U.S. Must Respect Overseas Swaps Rules: CFTC’s Wetjen

Commissioner argues that the CFTC should defer to ‘comparable’ international regulations.

The U.S. Commodity Futures Trading Commission, facing concerns from European and Asian regulators about the scope of new swaps rules, should rely on overseas authorities when possible, Commissioner Mark P. Wetjen said.

“In light of the commission’s limited resources, efficient regulation through deference to comparable regulation just makes sense,” Wetjen, one of three Democrats on the five-member CFTC, said today in remarks prepared for delivery at an International Swaps and Derivatives Association Inc. conference in New York.

The CFTC’s proposal for the international reach of its Dodd-Frank Act rules needs more clarity, and it is “critically important” that the agency rely on a process of letting firms comply with new rules by substituting adherence to regulations enacted abroad, he said.

Along with the Securities and Exchange Commission, the CFTC has been crafting swaps market rules imposed by Dodd-Frank after unregulated trades helped fuel the 2008 credit crisis. The rules’ scope has prompted opposition from overseas regulators and companies such as JPMorgan Chase & Co., Goldman Sachs Group Inc., Bank of America Corp. and Societe Generale SA.

CFTC Chairman Gary Gensler urged support for a June proposal, citing the need to protect taxpayers from rescuing companies whose overseas trades lead to their downfall.

“During a default or crisis, the risk that builds up offshore inevitably comes crashing back onto U.S. shores, he said June 29 when the proposal was published for public comment.

The collapse of American International Group Inc., which booked credit derivatives in Europe, and more recent losses by London traders at JPMorgan’s chief investment office show the need to close potential loopholes in Dodd-Frank, Gensler said.

The CFTC’s interpretive guidance allowed for so-called substituted compliance for branches, subsidiaries and other overseas affiliates of U.S. banks when foreign jurisdictions have comparable rules.

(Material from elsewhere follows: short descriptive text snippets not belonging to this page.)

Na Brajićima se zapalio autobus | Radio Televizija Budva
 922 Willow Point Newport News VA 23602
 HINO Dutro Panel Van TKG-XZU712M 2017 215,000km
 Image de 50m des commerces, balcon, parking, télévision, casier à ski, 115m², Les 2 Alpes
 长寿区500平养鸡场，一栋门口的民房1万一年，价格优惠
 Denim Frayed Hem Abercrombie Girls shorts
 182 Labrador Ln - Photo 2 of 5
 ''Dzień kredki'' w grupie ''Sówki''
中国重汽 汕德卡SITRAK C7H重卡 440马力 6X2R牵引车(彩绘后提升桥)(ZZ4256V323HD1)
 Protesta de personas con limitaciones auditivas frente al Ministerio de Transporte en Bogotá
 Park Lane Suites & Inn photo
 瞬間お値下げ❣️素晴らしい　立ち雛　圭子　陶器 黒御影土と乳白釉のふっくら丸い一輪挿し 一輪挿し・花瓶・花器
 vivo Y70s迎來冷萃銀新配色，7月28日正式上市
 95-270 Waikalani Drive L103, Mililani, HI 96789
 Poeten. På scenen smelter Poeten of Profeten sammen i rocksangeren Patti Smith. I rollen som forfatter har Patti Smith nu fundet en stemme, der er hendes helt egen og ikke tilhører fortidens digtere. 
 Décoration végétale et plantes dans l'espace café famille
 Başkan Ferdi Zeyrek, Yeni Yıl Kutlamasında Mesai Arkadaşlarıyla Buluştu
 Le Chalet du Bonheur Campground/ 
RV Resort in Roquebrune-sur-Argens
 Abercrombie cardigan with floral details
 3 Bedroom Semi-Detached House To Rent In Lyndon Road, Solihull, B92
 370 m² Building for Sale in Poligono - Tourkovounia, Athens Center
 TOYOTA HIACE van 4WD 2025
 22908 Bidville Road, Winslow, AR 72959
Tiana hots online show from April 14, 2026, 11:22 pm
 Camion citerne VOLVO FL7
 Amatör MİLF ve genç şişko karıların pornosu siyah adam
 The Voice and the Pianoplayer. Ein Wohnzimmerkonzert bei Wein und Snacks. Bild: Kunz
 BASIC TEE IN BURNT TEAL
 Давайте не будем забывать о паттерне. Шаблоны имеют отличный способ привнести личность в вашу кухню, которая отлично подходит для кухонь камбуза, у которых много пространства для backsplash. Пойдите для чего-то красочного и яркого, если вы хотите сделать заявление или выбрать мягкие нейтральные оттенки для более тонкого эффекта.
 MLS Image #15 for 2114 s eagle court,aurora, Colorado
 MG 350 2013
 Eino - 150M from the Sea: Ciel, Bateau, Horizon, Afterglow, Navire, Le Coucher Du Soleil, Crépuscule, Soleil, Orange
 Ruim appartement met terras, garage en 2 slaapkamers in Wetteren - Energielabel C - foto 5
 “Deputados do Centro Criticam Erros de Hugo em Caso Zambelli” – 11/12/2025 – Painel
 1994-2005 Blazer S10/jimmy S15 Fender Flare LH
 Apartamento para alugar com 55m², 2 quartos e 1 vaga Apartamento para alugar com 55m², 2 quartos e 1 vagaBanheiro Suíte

‘‘Permitting substituted compliance is not tantamount to abdicating the commission’s responsibilities,” Wetjen said in his prepared remarks for the ISDA conference. “Should a comparability analysis reveal a gap in another jurisdiction’s regulations that poses material risk to our markets, our financial institutions, or our economy, the commission reserves the right to apply Dodd-Frank to swap activities abroad” that have a direct and significant effect on the U.S., he said.

 

Insufficient Clarity

The CFTC’s June proposal failed to sufficiently clarify the reach of the rules and could lead to conflicts, according to letters submitted to the agency by overseas regulators. The letters were sent by the U.K.’s Financial Services Authority, European Commission, European Securities and Markets Authority, Financial Services Agency in Japan, the Bank of Japan, Bank of France and Swiss Financial Market Supervisory Authority.

The Hong Kong Monetary Authority, Monetary Authority of Singapore and the Comissao de Valores Mobiliarios, Brazil’s national securities regulator also submitted letters.

Rules defining U.S. entities in the trades are overly broad and could lead to regulatory overlaps, officials with the European Commission and the U.K.’s Financial Services Authority said in letters dated Aug. 24.

“This will lead to duplication of laws and to potentially irreconcilable conflicts of laws for market operators,” said Jonathan Faull, the European Commission’s director general for financial services. “EU and U.S. firms could face permanent legal uncertainty if this issue is not resolved.”